_DATA BLOCK_
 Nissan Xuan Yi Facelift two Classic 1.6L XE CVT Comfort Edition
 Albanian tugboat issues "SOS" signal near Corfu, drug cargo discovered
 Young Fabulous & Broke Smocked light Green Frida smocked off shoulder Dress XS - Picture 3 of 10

_WHAT IS NEEDED_
The answer must be the full listing, written out word for word.

_COMPLETED EXERCISE_
 Nissan Xuan Yi Facelift two Classic 1.6L XE CVT Comfort Edition
 Albanian tugboat issues "SOS" signal near Corfu, drug cargo discovered
 Young Fabulous & Broke Smocked light Green Frida smocked off shoulder Dress XS - Picture 3 of 10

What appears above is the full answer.